REQUIRED ACTION: What should come back is the data below, word for word, minus any picture.

Caption-style text data

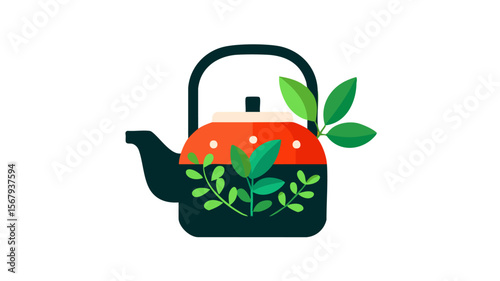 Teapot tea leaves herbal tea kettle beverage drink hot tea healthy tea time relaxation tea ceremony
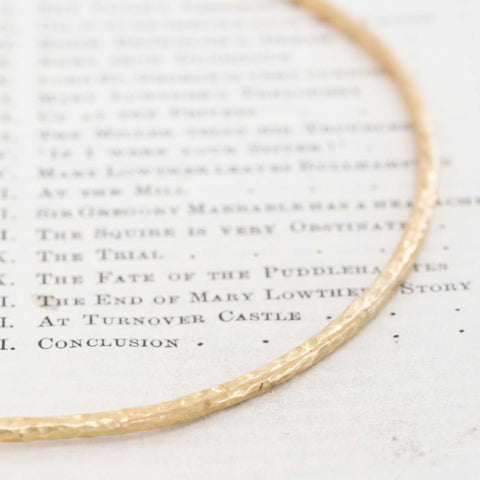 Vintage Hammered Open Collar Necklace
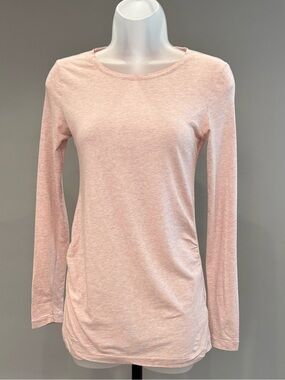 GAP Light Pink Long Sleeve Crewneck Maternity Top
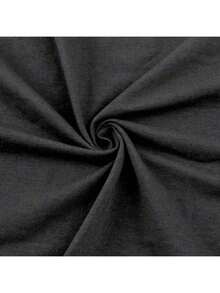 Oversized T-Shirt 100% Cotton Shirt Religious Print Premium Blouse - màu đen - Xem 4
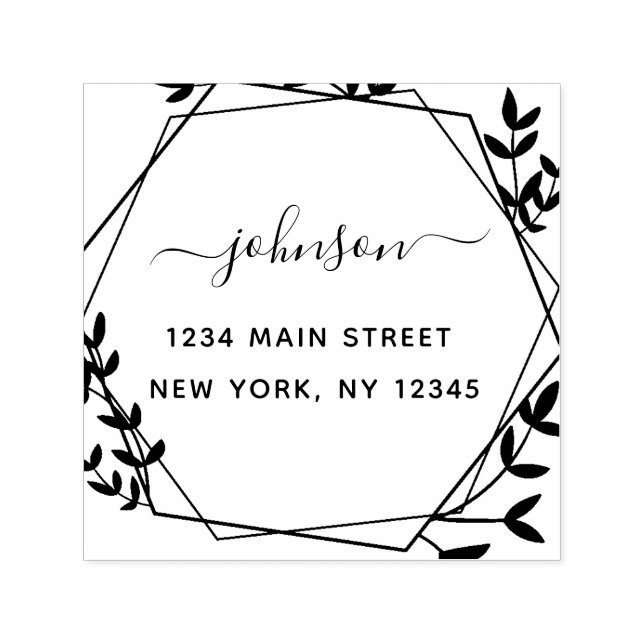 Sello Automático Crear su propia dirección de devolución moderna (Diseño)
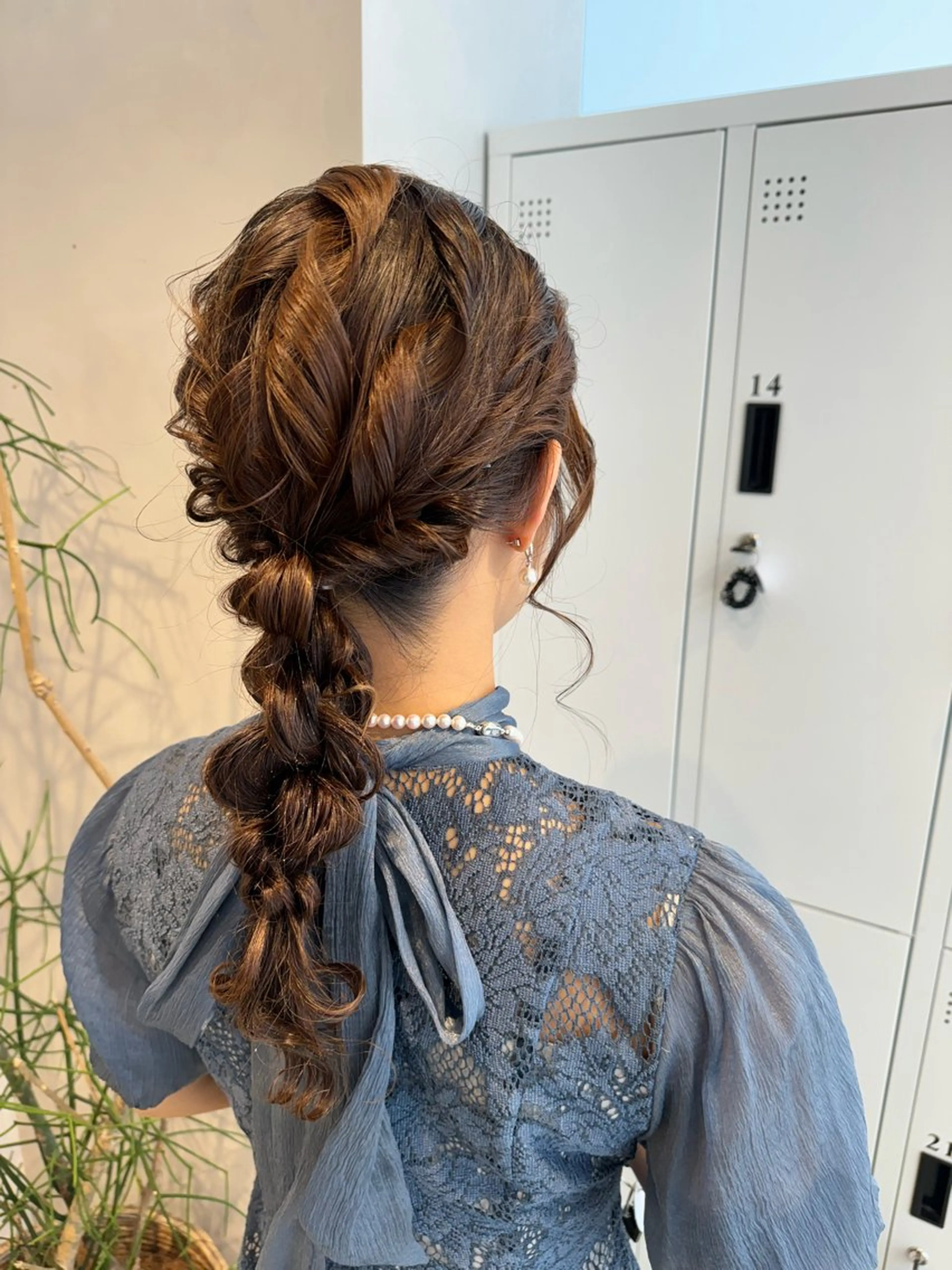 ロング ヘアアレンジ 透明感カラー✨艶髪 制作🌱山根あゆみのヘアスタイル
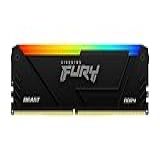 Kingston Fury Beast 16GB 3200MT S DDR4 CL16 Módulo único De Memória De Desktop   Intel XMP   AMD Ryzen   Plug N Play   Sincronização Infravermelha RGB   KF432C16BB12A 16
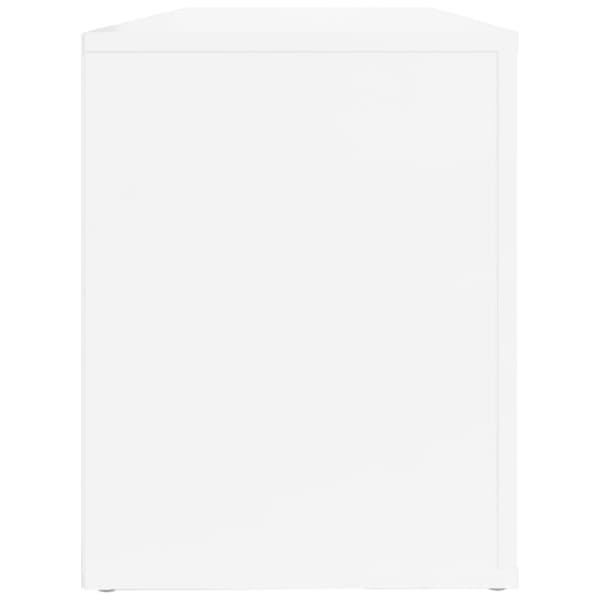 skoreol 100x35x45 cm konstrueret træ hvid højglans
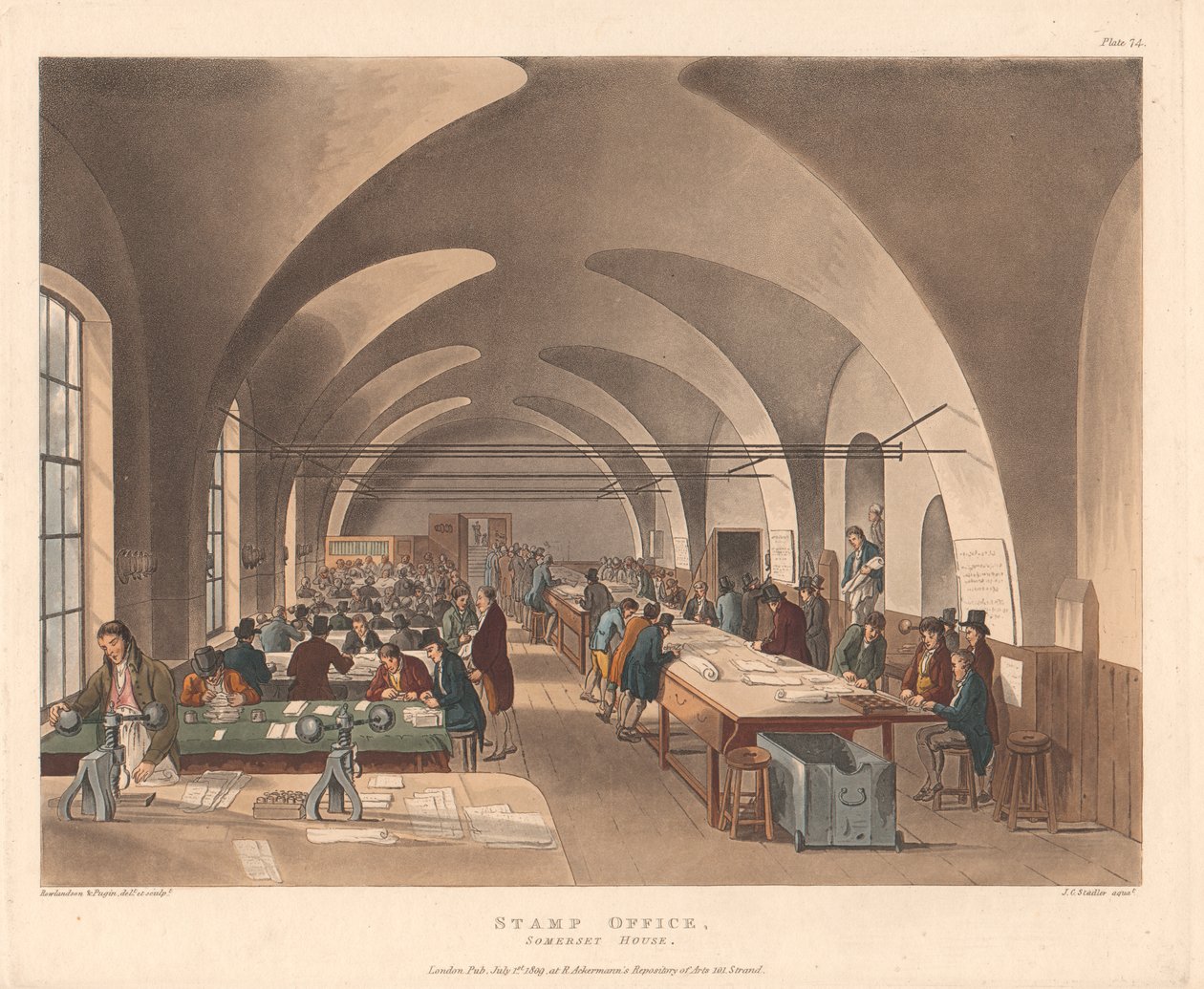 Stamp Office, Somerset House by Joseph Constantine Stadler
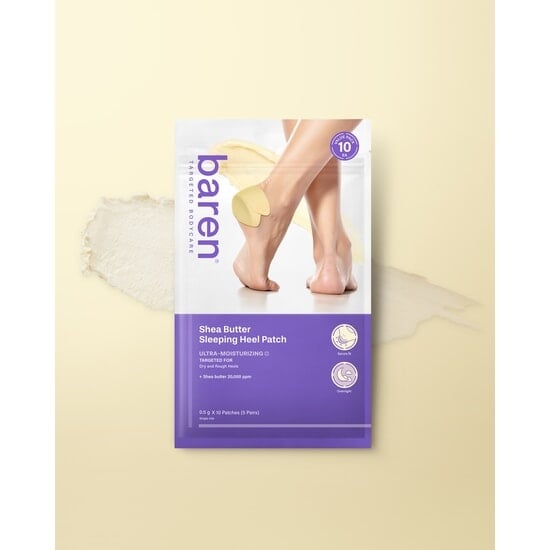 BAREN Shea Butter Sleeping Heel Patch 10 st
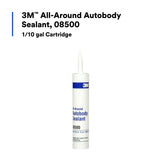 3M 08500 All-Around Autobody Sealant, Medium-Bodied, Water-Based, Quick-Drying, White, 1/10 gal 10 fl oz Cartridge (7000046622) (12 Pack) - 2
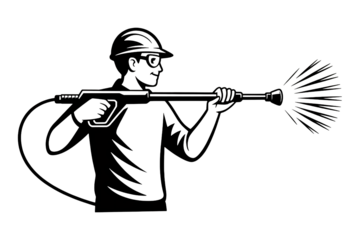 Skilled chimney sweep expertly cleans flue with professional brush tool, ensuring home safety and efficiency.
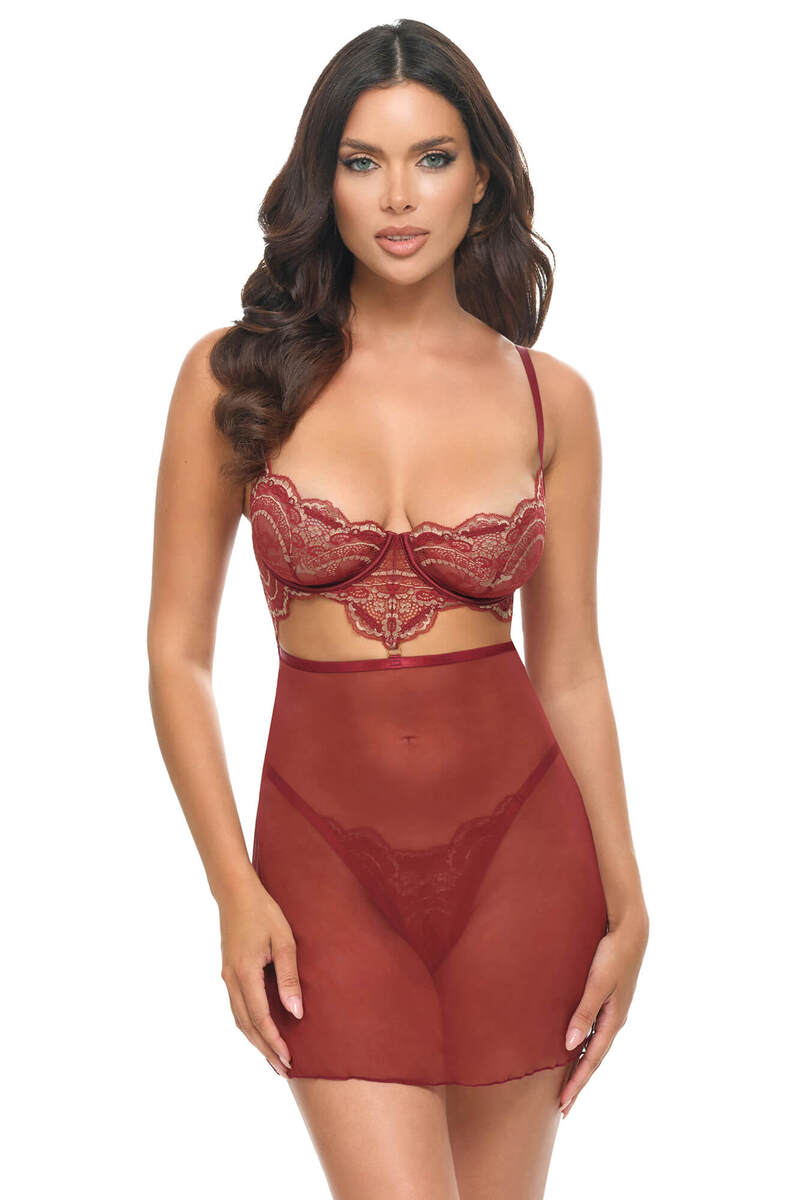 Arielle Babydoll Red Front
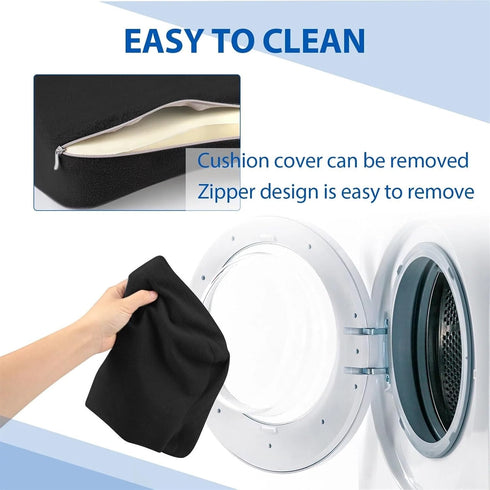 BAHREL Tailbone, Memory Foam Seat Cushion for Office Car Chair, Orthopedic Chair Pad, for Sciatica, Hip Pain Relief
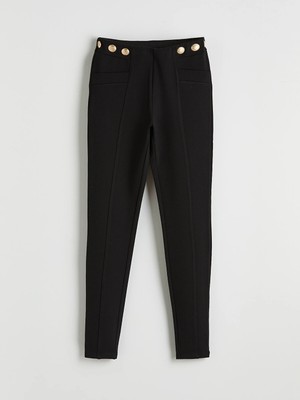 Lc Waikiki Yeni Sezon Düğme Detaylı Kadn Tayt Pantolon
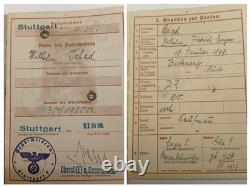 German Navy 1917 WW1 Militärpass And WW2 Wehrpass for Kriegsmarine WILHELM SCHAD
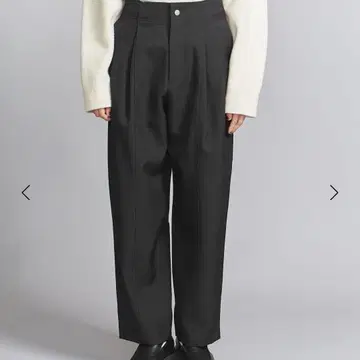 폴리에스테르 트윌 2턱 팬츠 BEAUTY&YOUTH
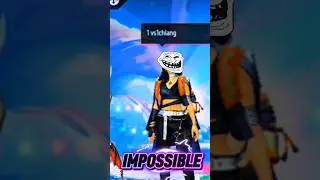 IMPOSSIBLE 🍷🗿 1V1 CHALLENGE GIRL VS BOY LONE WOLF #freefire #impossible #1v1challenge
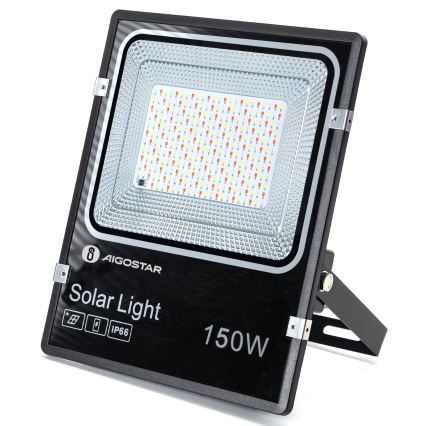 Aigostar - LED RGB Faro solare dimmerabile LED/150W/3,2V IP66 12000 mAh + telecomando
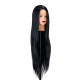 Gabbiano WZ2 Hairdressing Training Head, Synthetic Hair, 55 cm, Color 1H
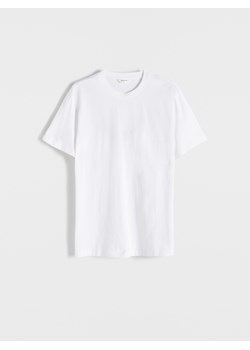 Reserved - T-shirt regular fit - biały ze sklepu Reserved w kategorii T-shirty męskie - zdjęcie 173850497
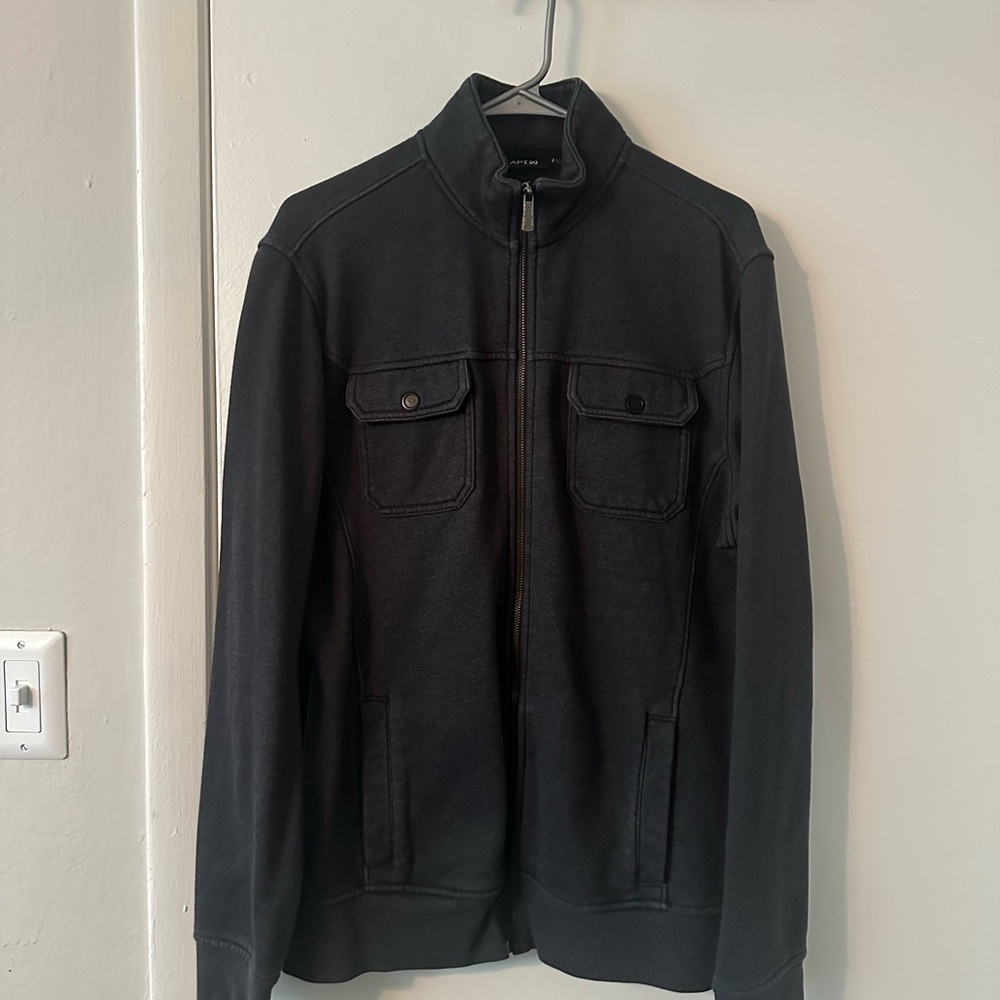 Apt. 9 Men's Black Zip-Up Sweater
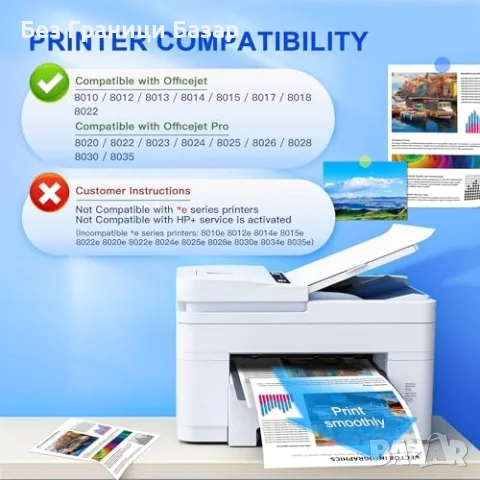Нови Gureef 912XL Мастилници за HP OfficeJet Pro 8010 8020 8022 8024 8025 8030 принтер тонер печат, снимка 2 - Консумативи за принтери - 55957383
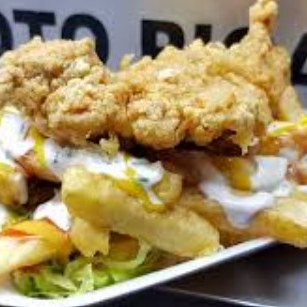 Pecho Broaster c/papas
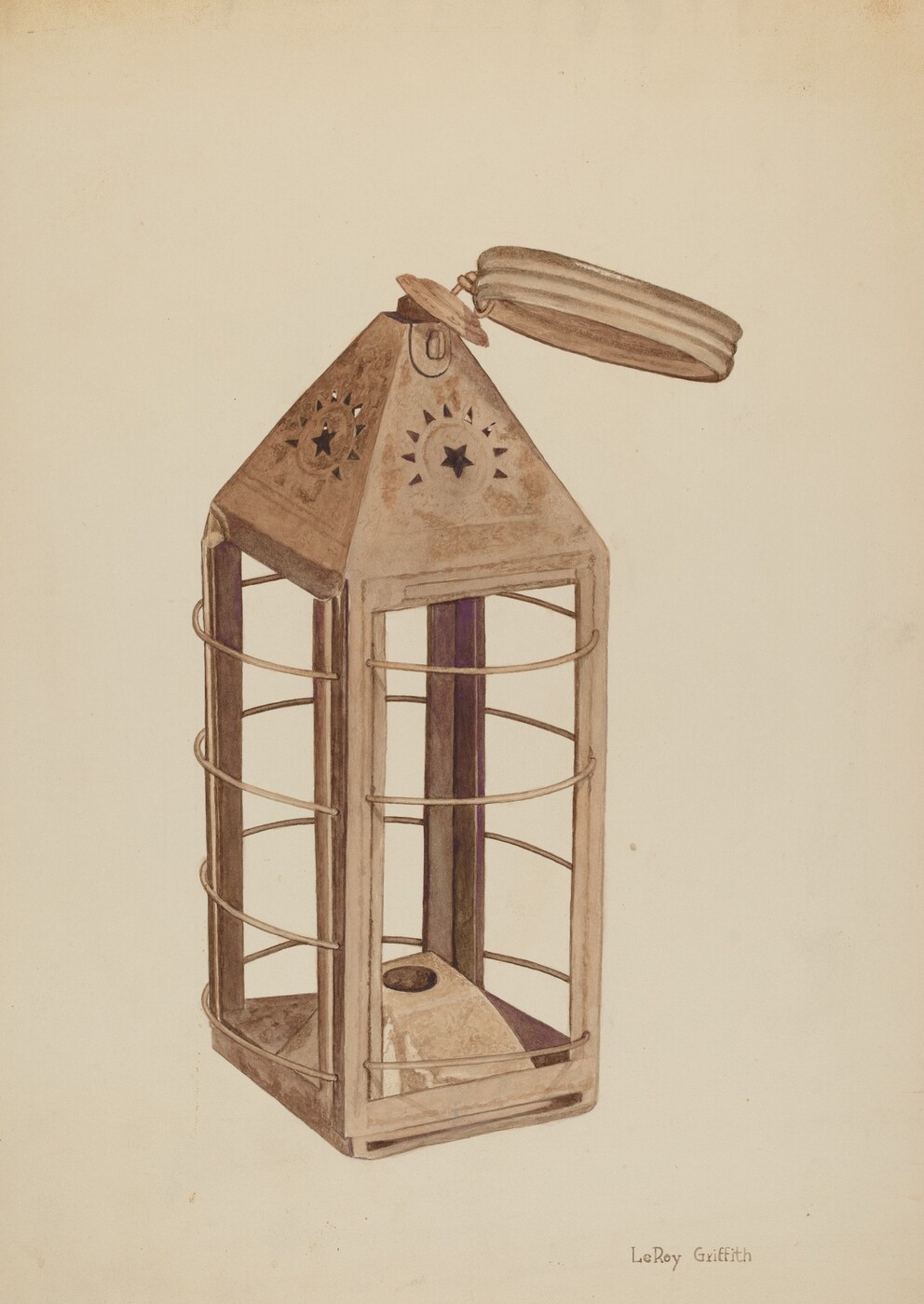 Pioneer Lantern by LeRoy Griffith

ANSWER BELOW:
 Teapot tea leaves herbal tea kettle beverage drink hot tea healthy tea time relaxation tea ceremony
 Vintage Hammered Open Collar Necklace
 GAP Light Pink Long Sleeve Crewneck Maternity Top
 Oversized T-Shirt 100% Cotton Shirt Religious Print Premium Blouse - màu đen - Xem 4
 Sello Automático Crear su propia dirección de devolución moderna (Diseño)
 ロング ヘアアレンジ 透明感カラー✨艶髪 制作🌱山根あゆみのヘアスタイル
 Kingston Fury Beast 16GB 3200MT S DDR4 CL16 Módulo único De Memória De Desktop   Intel XMP   AMD Ryzen   Plug N Play   Sincronização Infravermelha RGB   KF432C16BB12A 16
 skoreol 100x35x45 cm konstrueret træ hvid højglans
 Stamp Office, Somerset House by Joseph Constantine Stadler
 BAREN Shea Butter Sleeping Heel Patch 10 st
 3M 08500 All-Around Autobody Sealant, Medium-Bodied, Water-Based, Quick-Drying, White, 1/10 gal 10 fl oz Cartridge (7000046622) (12 Pack) - 2
 Skilled chimney sweep expertly cleans flue with professional brush tool, ensuring home safety and efficiency.
 Arielle Babydoll Red Front
 BAHREL Tailbone, Memory Foam Seat Cushion for Office Car Chair, Orthopedic Chair Pad, for Sciatica, Hip Pain Relief
 Lc Waikiki Yeni Sezon Düğme Detaylı Kadn Tayt Pantolon
 German Navy 1917 WW1 Militärpass And WW2 Wehrpass for Kriegsmarine WILHELM SCHAD
 폴리에스테르 트윌 2턱 팬츠 BEAUTY&YOUTH
 IMPOSSIBLE 🍷🗿 1V1 CHALLENGE GIRL VS BOY LONE WOLF #freefire #impossible #1v1challenge
 Aigostar - LED RGB Faro solare dimmerabile LED/150W/3,2V IP66 12000 mAh + telecomando
 Gabbiano WZ2 Hairdressing Training Head, Synthetic Hair, 55 cm, Color 1H
 Reserved - T-shirt regular fit - biały ze sklepu Reserved w kategorii T-shirty męskie - zdjęcie 173850497
 Apt. 9 Men's Black Zip-Up Sweater
Нови Gureef 912XL Мастилници за HP OfficeJet Pro 8010 8020 8022 8024 8025 8030 принтер тонер печат, снимка 2 - Консумативи за принтери - 55957383
 Pecho Broaster c/papas
 Pioneer Lantern by LeRoy Griffith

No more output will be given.